Asynchronous parsing

I’ve used elm/parser to build a substantial parser of a markdown format, and the result is really great.

However, the use-case involves routinely parsing several hundred page documents, and while the parsing takes only a few seconds, it still locks up the UI for several seconds.

The obvious solution is to move the parser to a web worker, and parse asynchronously. And this definitely improves the ui lockup situation, but deciding the rather substantial Json that comes back from the webworker takes a still noticeable amount of time, during which the interface is locked up.

I wonder if anyone has a way to pass the data from the worker to the main thread without an intermediate json stage, since their both elm, or if there’s a way to make the original parser (in elm) operate concurrently using Process.

2 Likes

Instead of moving the work around (to a web worker, to a process, etc) can you defer doing the work until it’s needed? You know the application best, but it doesn’t strike me that people will be looking at several hundred pages at once. Could you parse a page or two, or ten, and wait to parse more until they’re close to the current viewport?

Is it possible to break up the parser by having it do some parsing, then return a continuation to do more? Then you can interleave parsing work with a Cmd to run the continuation, which allows the UI to process queued Cmds?

I used this technique here:

https://package.elm-lang.org/packages/the-sett/ai-search/latest/Search#nextN

Note that SearchResult allows a continuation where there is still more searching to do:

type SearchResult state
    = Complete
    | Goal state (() -> SearchResult state)
    | Ongoing state (() -> SearchResult state)

I experimented with using nextN with batches ranging in size from 10 to 10,000. With small batches the UI remained responsive, but the search did not run very fast. With large batches I could get better performance out of the search, but the UI was very unresponsive. I concluded that if you really need a burst of 100% CPU work that will last longer that a few milliseconds - you are going to need to look into web workers.
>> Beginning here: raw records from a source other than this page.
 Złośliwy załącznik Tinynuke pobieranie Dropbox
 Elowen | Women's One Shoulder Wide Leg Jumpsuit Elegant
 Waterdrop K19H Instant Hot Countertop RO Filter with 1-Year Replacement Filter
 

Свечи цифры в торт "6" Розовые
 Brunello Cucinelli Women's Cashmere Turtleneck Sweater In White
As far as I know, you cannot just pass anything between the main UI thread and a webworker when both are built with Elm - you do it through ports and need to encode via JSON.

2 Likes

To clarify: the parsing takes place on the loading of the serialization format. Once it’s in memory, the performance is just fine.

I may be able to tokenize the document into chunks and parse a chunk at a time, but I’m not sure how easily I can tokenize in a consistently right-sized way.
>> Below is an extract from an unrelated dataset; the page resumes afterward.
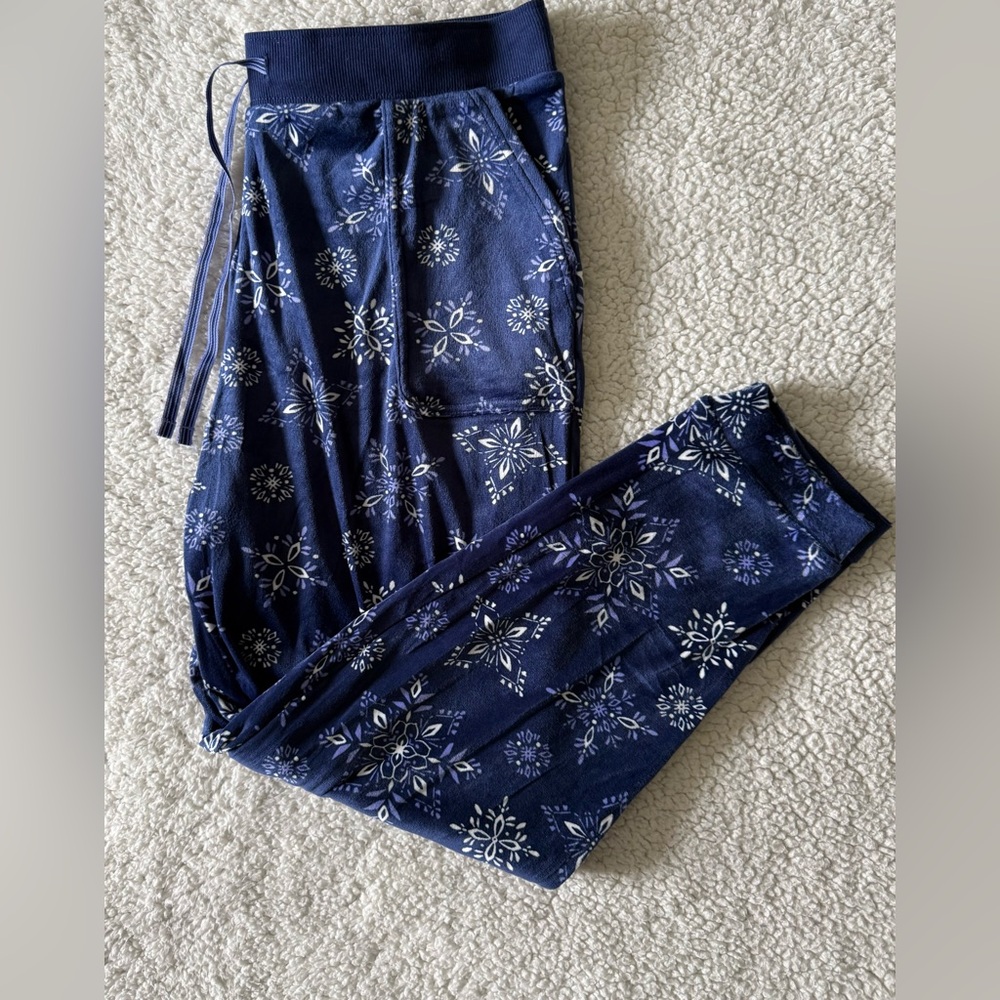Nautica Women’s Pajama Bottoms Blue with White Design Lounge Pants Size Large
The parser produces a list of several thousand items, so one thing I could do is parse on a worker and stream them back in via ports in buffers of 100 elements or so, asynchronously.

Really clever, Rupert. I may try this.

Its a form of cooperative multitasking; like we used to do in the old days…
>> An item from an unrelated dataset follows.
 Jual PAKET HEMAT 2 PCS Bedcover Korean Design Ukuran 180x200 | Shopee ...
Would be very cool if you could just fire up another Elm Process on a web-worker and be able to pass any Elm type over a channel to talk with this process.

==

I did get interested in finding out if this would ever be possible, but I don’t think it will with web workers.

You have to create a web worker from a file, see https://www.w3schools.com/html/html5_webworkers.asp. There is a workaround that allows one to be created from a function, but this is really to-stringing the javascript code, see https://medium.com/@roman01la/run-web-worker-with-a-function-rather-than-external-file-303add905a0.

A web-worker is not treating a function as a first-class function in the sense of FP. That is, to be able to pass around functions like any other type, FP captures functions as continuations - the code + the context (stack) in which the code is run. Web-workers run in separate contexts not shared with the caller. So web-workers are more like separate processes running on the same OS, rather than separate threads within a multi-threaded program.

If you can’t pass functions, you can’t pass any Elm type. Therefore it seems unlikely that we can ever do this - does Web Assembly support threads?

Are you parsing all the text at once? Is that possible to break the text to parts, parse each part and then sum them? E.g. parse by paragraph.

I had a task before to parse a text and break it into lines. And to parse 1000 lines at once was way slower than parse 10 chunks by 100 lines.

If you can find a good way to divide things into chunks then Process.sleep 0 should get you what you’re looking for. This should allow other events that the browser has backlogged during parsing to be processed before moving on to the next chunk.

loadData
  |> Task.map splitData
  |> Task.andThen
      (List.foldl
        (\chunk previous ->
          Process.sleep 0
            |> Task.andThen (\_ -> previous)
            |> Task.map (\alreadyParsed -> parsed ++ parse chunk)
        )
        (Task.succeed [])
      )
5 Likes

If Process.sleep is too slow then requestIdleCallback and ports may help a bit.

1 Like

This topic was automatically closed 10 days after the last reply. New replies are no longer allowed.